Toronto to Rio: Tom Ramshaw’s Olympic dream comes true this week when he sails for Canada

For Tom Ramshaw, representing Canada in the Olympics is more than just a hard-won honour – it’s a secret dream come true.

“When I first started sailing as a kid, my coach told us to write down our goals,” the Finn class sailor says. “Mine was to go to the Olympics, but I didn’t want to say that because it was such a long shot.
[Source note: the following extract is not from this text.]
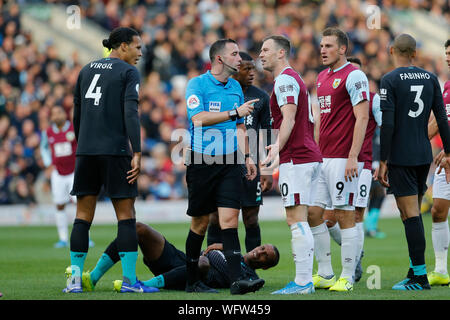 Burnley, UK. 31st Aug, 2019. 31st August 2019; Turf Moor, Burnley, Lanchashire, England; English Premier League Football, Burnley versus Liverpool; Referee Chris Kavanagh has words with Ashley Barnes and Chris Wood of Burnley after a foul on Joel Matip of Liverpool - Strictly Editorial Use Only. No use with unauthorized audio, video, data, fixture lists, club/league logos or 'live' services. Online in-match use limited to 120 images, no video emulation. No use in betting, games or single club/league/player publications Credit: Action Plus Sports Images/Alamy Live News Stock Photo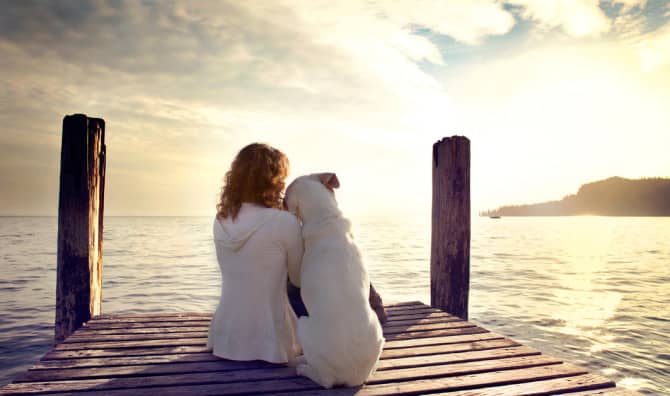Person in a cream sweater sitting on a wooden dock gazing out at calm water at golden hour with mountains visible across the water.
So I kept it to myself for a long time.”

Growing up in the Beaches, Ramshaw, the son of a keel boat sailor, spent his summers in the junior sailing program at Stony Lake Yacht Club and was racing two-person Laser rigs in regattas around southern Ontario by age 12.

In high school, as Ramshaw’s family moved to Moore Park, the young sailor moved on to single-handed races, training on the windy waters of Kingston, Ont. each summer and winning competitions like the Ontario Gold Cup in 2007.

After briefly pursuing engineering at Queen’s University after high school, Ramshaw’s passion for sailing drove him to leave school and commit to training full-time at the International Sailing Academy in Mexico.

Ramshaw sailed Laser professionally from 2010-2015, qualifying for the Canadian National Team in 2012 and competing in regattas around the world before making an abrupt switch to Finn class, a more technical and physical form of sailing than Laser, in August 2015.

Inspired by the challenge of learning a new form of sailing, Ramshaw entered the Finn North American Championship regatta after only three days of training, and won.

“It was a great fresh start,” he says, explaining that after years sailing the same class, the change, although intimidating, felt right.

After training throughout the winter, Ramshaw headed to the ISAF World Cup Miami in January 2016, where he secured the top Canadian spot as a newcomer, surprising his competitors.

“No one knew who I was,” he recalls with a grin. From there, he went on to finish 10th at the 2016 Finn European Championships in Barcelona and 8th in the Finn Gold Cup in Gaeta, Italy — unofficially cinching his Olympic qualification.

Three months later — and only nine months after switching from Laser — Ramshaw was selected to represent Canada at the Rio 2016 Olympics in Finn class sailing.

Now headed for the biggest regatta of his life, Ramshaw is currently down in Rio training with other top Finn sailors who are competing in the Olympics. He feels confident about his chances, believing the strategic skills learned from a lifetime of solo racing will give him an edge.

“Being in Laser for so long and competing against top sailors really helped prepare me,” he says, pointing out that that his rapid success in the last year has proved he has what it takes to earn the gold – which would be a Canadian first.

“Winning would mean so much,” he admits before saying that while his goal is gold, the feeling of achieving his lifelong ambition of being an Olympian is pretty thrilling on its own.

“Racing in the Olympics is the ultimate for any sailor,” he says. “It doesn’t get any better than that.”